→ **Data excerpts**:
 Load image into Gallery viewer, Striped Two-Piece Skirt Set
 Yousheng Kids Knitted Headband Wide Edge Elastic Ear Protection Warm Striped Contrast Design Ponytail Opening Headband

--

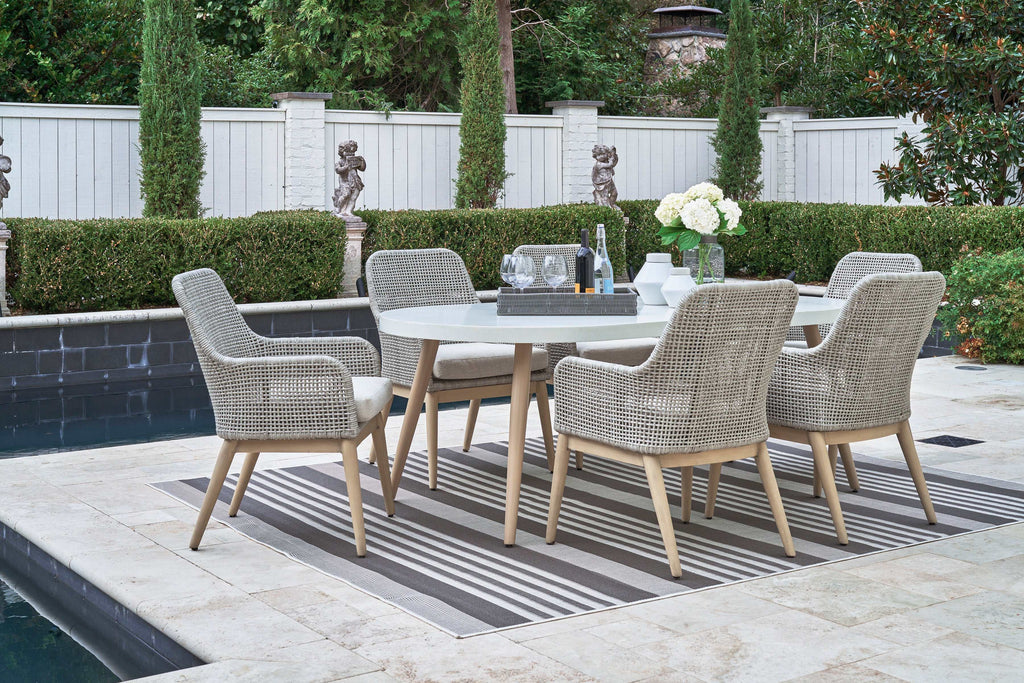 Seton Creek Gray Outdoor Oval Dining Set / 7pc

→ **Task prompt**:
Copy the lines of the data above exactly as written, beginning with the line containing "Load image into" and ending with the line containing "Yousheng Kids Knitted", and leave out all other lines.

→ **Response to this task**:
 Load image into Gallery viewer, Striped Two-Piece Skirt Set
 Yousheng Kids Knitted Headband Wide Edge Elastic Ear Protection Warm Striped Contrast Design Ponytail Opening Headband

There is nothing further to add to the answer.